Quando uma amiga me disse que eu era corajosa por me dispor a escrever a biografia de Lucio Costa, me senti meio ofendida, algo diminuída. Com meu raciocínio de tartaruga, me perguntei bem depois: “Como assim? O que ela quis dizer com isso?”.
Passado mais de ano daquela desconfiança lançada como pedra de estilingue, reconheço que a amiga tinha certa razão, não porque eu desconfie da minha capacidade, mas porque a tarefa biográfica é por demais extenuante, ainda mais se o biografado viveu 96 anos, e desde jovem esteve no centro das principais discussões sobre a arte, a cultura e a identidade brasileiras.

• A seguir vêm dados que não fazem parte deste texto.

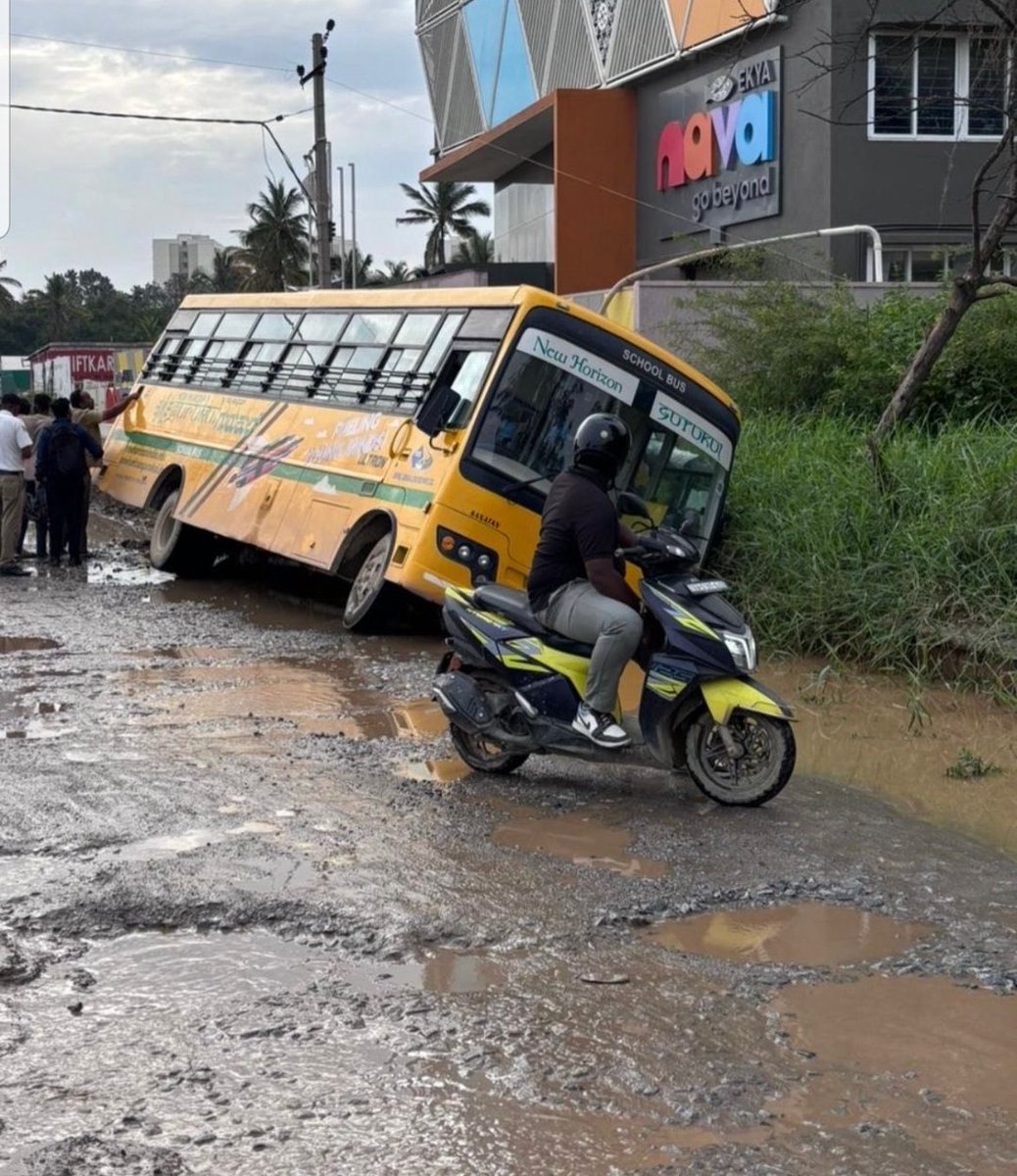 harishbijoor's tweet image. iTHINK: Potholes! The scar is not on the road! It's on the city! #Bengaluru #Potholes #DeathTraps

Que conviveu, entre tantos outros, com Carlos Drummond de Andrade, Rodrigo M.F. de Andrade, Mário de Andrade, Manuel Bandeira, Portinari, Vinicius de Moraes, Tom Jobim, Pedro Nava, nomes do melhor do Brasil no século XX.
Não citei nenhum arquiteto porque Lucio espraiou sua influência para muito além da arquitetura e do urbanismo.

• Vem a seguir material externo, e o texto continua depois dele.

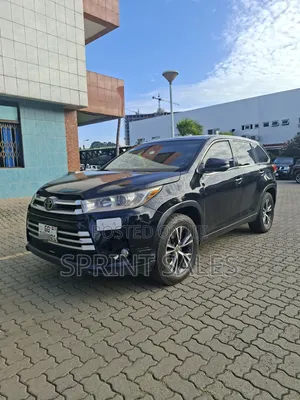 2019 Toyota Highlander LE Plus Black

Depois de consultas a mais de uma centena de livros e teses, de percorrer os jornais brasileiros de todo o século XX, olho do sopé da montanha e vejo a muralha que terei de escalar, porque agora começo a escrever, e fico pensando que a amiga tinha lá sua razão, é preciso certo destemor pra topar essa parada, ou mesmo uma certa ignorância quanto ao tamanho da encrenca.
Tudo que o penso, vivo e faço gira em torno do meu biografado.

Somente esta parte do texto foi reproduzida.